HB Files
Harwell Boeing
Sparse Matrix File Format
HB is a data directory which
contains examples of files in the "HB" or "Harwell Boeing"
Sparse Matrix File Format, used to store a sparse matrix in a file.
Note that the Rutherford Boeing format is an updated, more flexible
version of the Harwell Boeing format.
The space required to
represent the matrix is reduced by using a compressed column
storage format.
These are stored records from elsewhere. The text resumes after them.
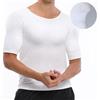 Maglietta con muscoli finti da uomo, spalle finte per Halloween, cosplay e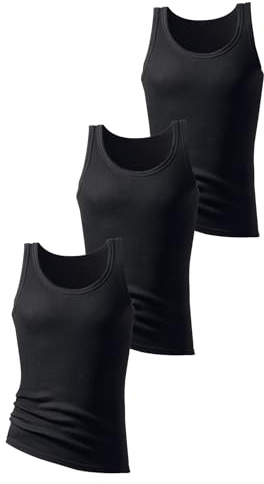 H.I.S Herren Tanktop | Feinripp Tanktops im 3er Pack –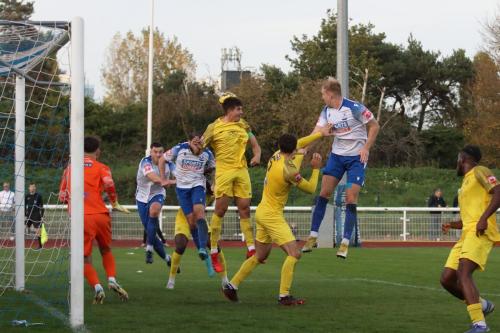 IMG 0398-Endields-James-Richmond-flicks-the-ball-towards-Lewis-Knight-and-Jake-Cass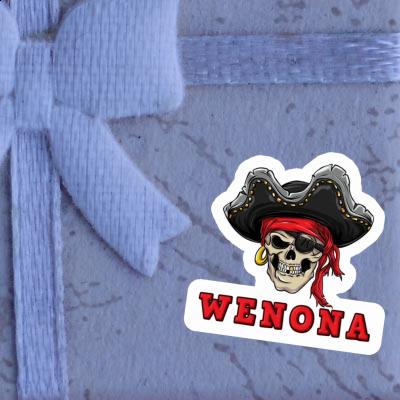 Wenona Autocollant Pirate Notebook Image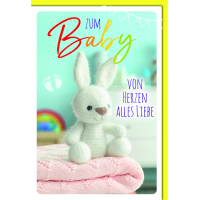 Geburt Baby Freudiges Ereignis Karte mit Umschlag...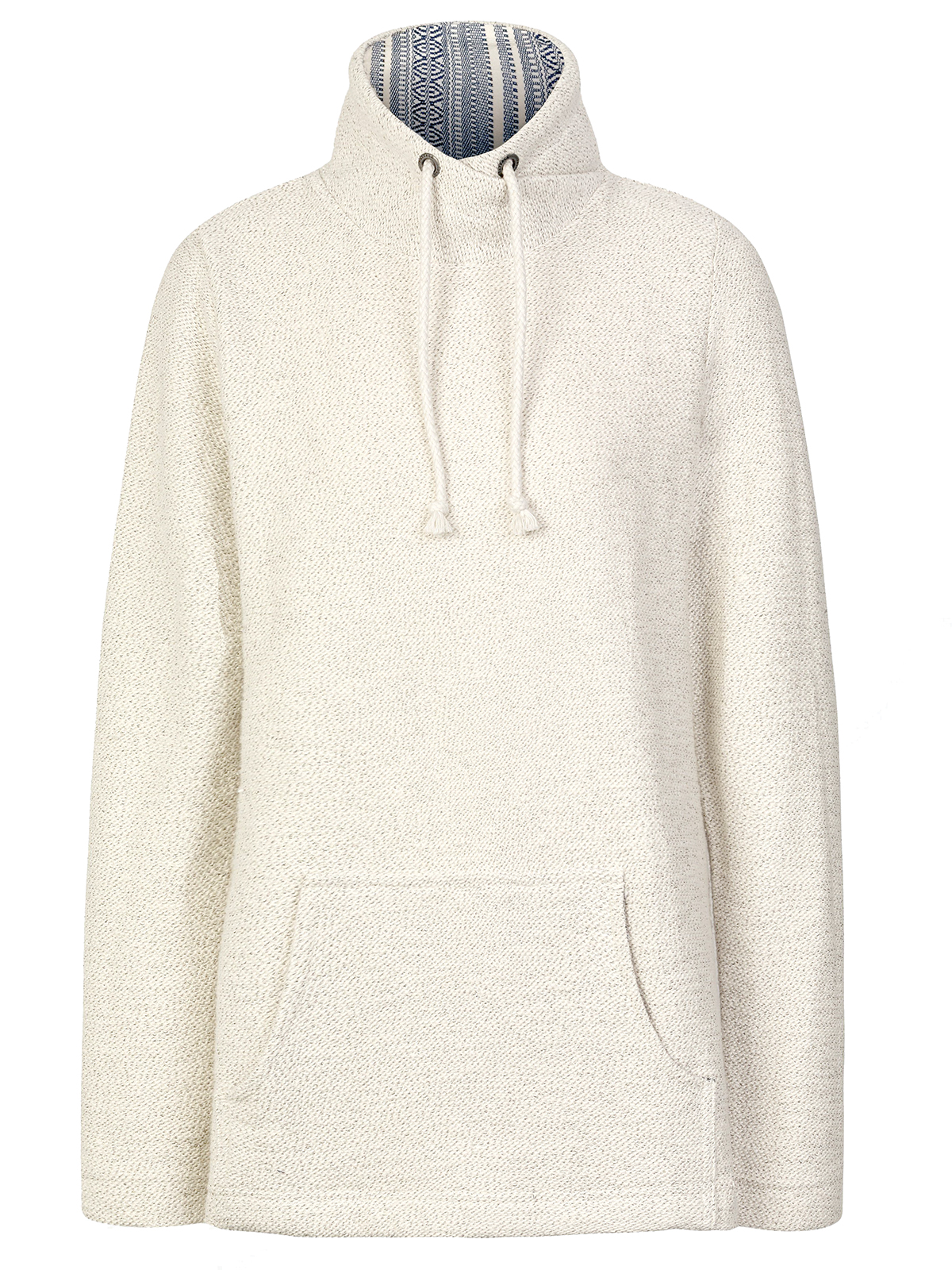 FAT FACE FatFace IVORY Ryde Funnel Neck Sweatshirt Size 12 to 16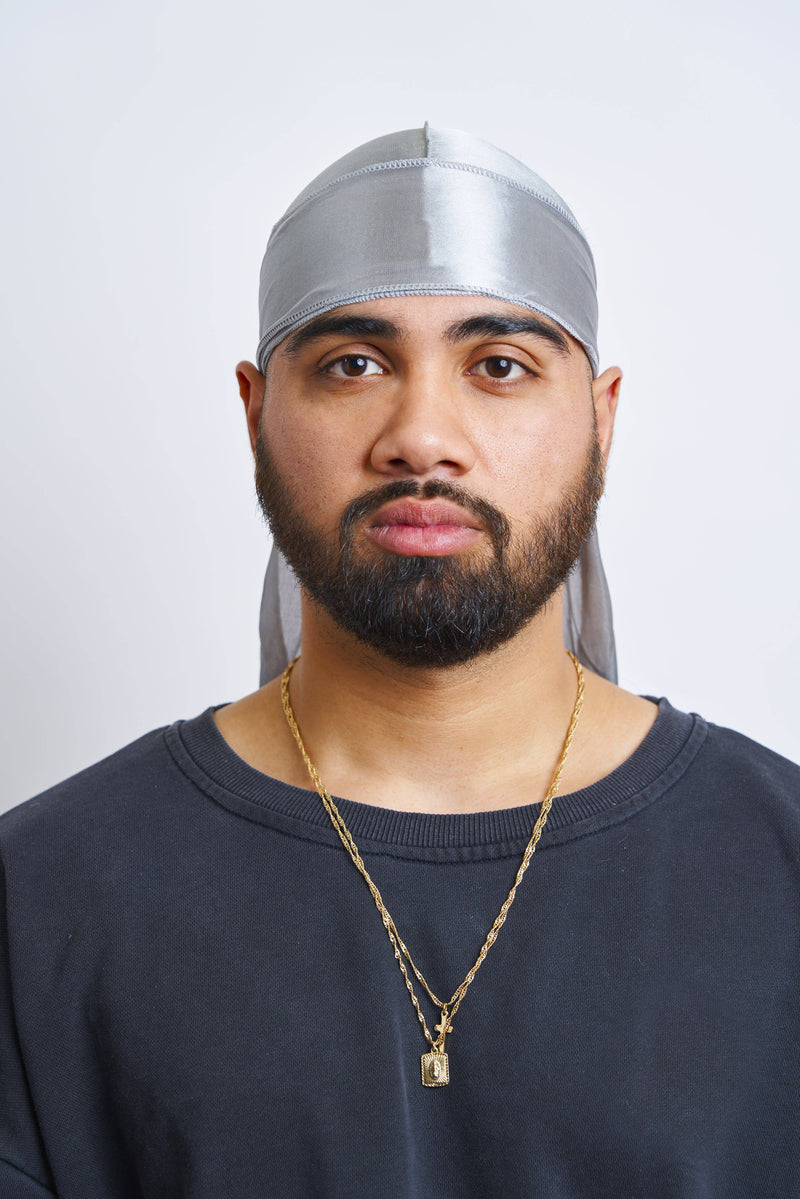 Silver Silk Durag - Darko Beauty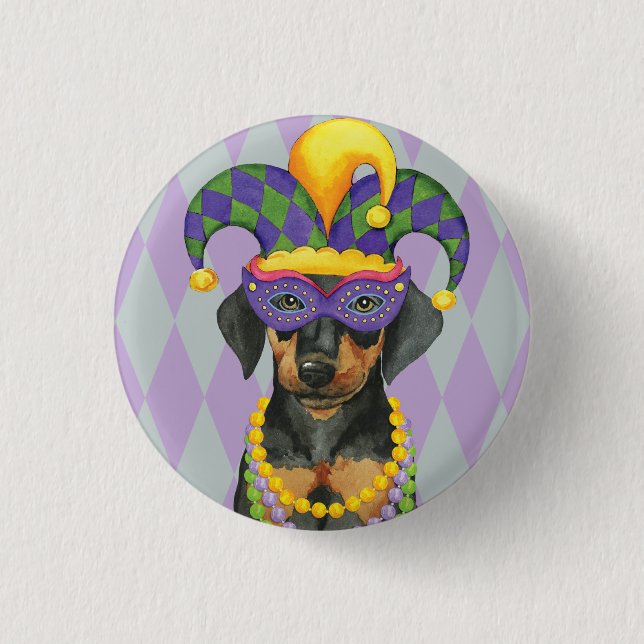 Badge Rond 2,50 Cm Mardi Gras Dobe (Devant)
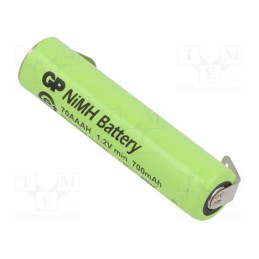 10 pcs : 70AAAH - Re-battery: Ni-MH, AAA,R3, 1.2V, 700mAh, soldering lugs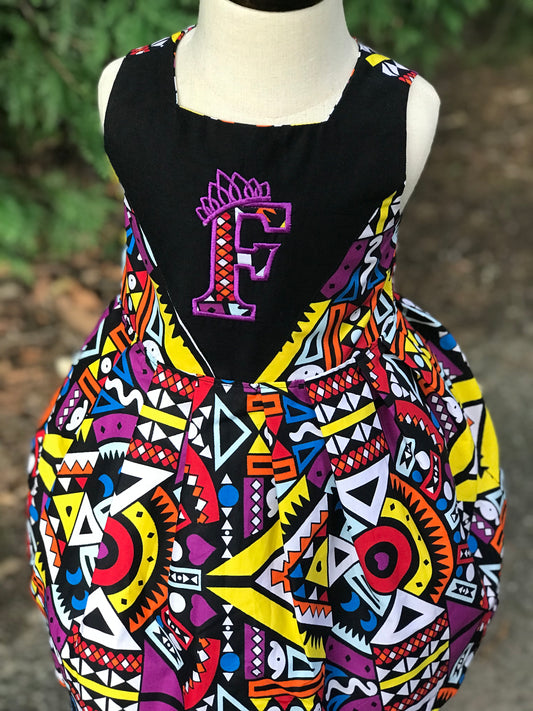 Personalized Alyma Summer Dress/African Print Girl Dress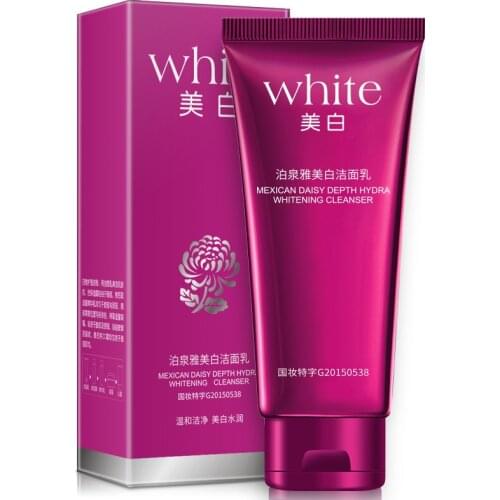 Bioaqua Black Chrysanthemum White Foam Wash Facial Cleanser Face Moisturizing Oil Control Anti Dirt Deep Clean Bubble Skin Care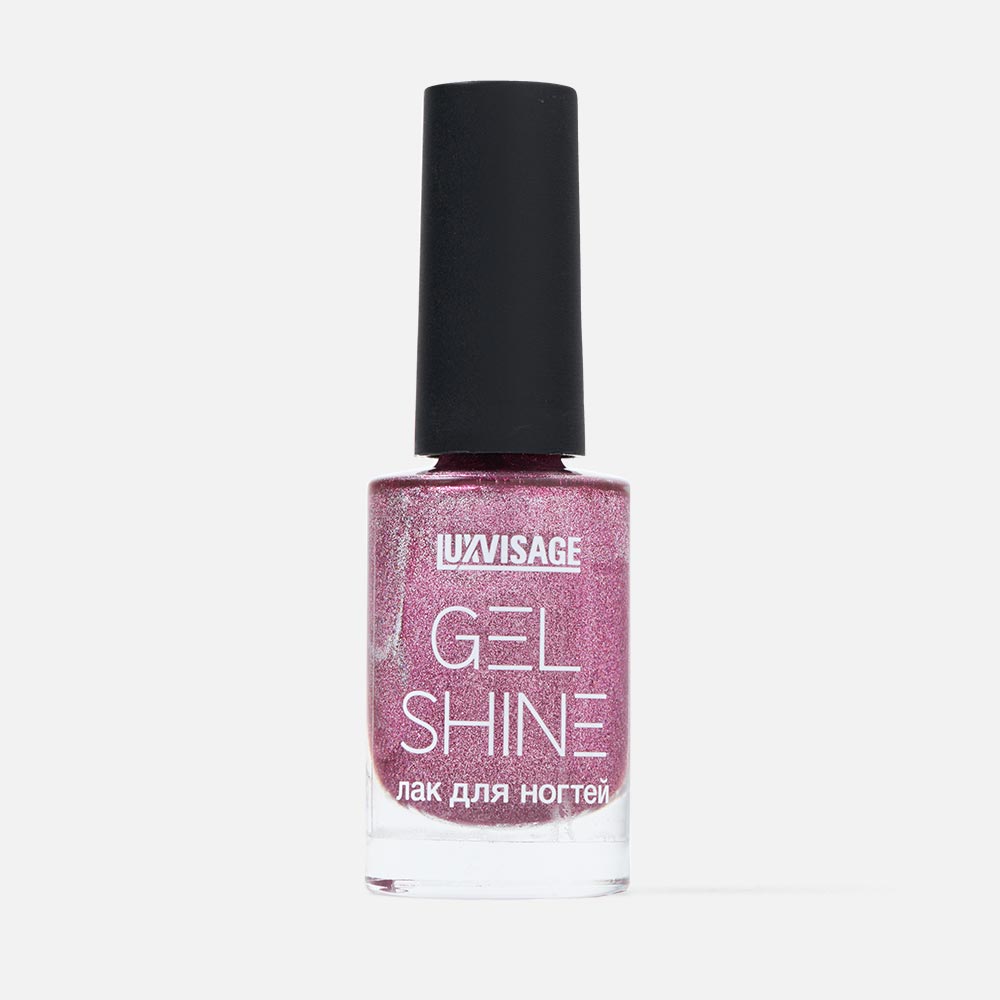 Лак для ногтей Luxvisage Gel Shine 108 Сиреневый с шиммером 9 г 627₽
If the matrix is read from the file into memory,
it is common to use the same compressed column storage to
represent the matrix in memory.
A matrix is an m by n rectangular array of numbers.
A sparse matrix is one in which "most" of the entries are zero.
If the matrix is sparse enough, then it is often much more efficient
not to allocate space for the full m*n set of entries, but
rather to keep track of the location and value of the nonzero entries.
HB File Characteristics:
-
ASCII;
-
Each data item in the file must occur in particular columns.
-
Oriented to FORTRAN, in the explicit use of FORTRAN FORMAT codes;
HB files begin with a header of 4, or sometimes 5, lines:
-
Line 1:
-
-
TITLE, (72 characters)
-
KEY, (8 characters)
-
Line 2:
-
-
TOTCRD, integer, total number of data lines, (14 characters)
-
PTRCRD, integer, number of data lines for pointers, (14 characters)
-
INDCRD, integer, number of data lines for row or variable
indices, (14 characters)
-
VALCRD, integer, number of data lines for numerical values
of matrix entries, (14 characters)
-
RHSCRD, integer, number of data lines for right hand side vectors,
starting guesses, and solutions, (14 characters)
-
Line 3:
-
-
MXTYPE, matrix type (see table), (3 characters)
-
blank space, (11 characters)
-
NROW, integer, number of rows or variables, (14 characters)
-
NCOL, integer, number of columns or elements, (14 characters)
-
NNZERO, integer, number of row or variable indices. For
"assembled" matrices, this is just the number of nonzero entries.
(14 characters)
-
NELTVL, integer, number of elemental matrix entries. For
"assembled" matrices, this is 0.
(14 characters)
-
Line 4:
-
-
PTRFMT, FORTRAN I/O format for pointers, (16 characters)
-
INDFMT, FORTRAN I/O format for row or variable indices, (16 characters)
-
VALFMT, FORTRAN I/O format for matrix entries, (20 characters)
-
RHSFMT, FORTRAN I/O format for right hand sides, initial guesses,
and solutions, (20 characters)
-
Line 5: (only present if 0 < RHSCRD!)
-
-
RHSTYP, describes the right hand side information, (3 characters)
-
blank space, (11 characters)
-
NRHS, integer, the number of right hand sides, (14 characters)
-
NRHSIX, integer, number of row indices, (14 characters)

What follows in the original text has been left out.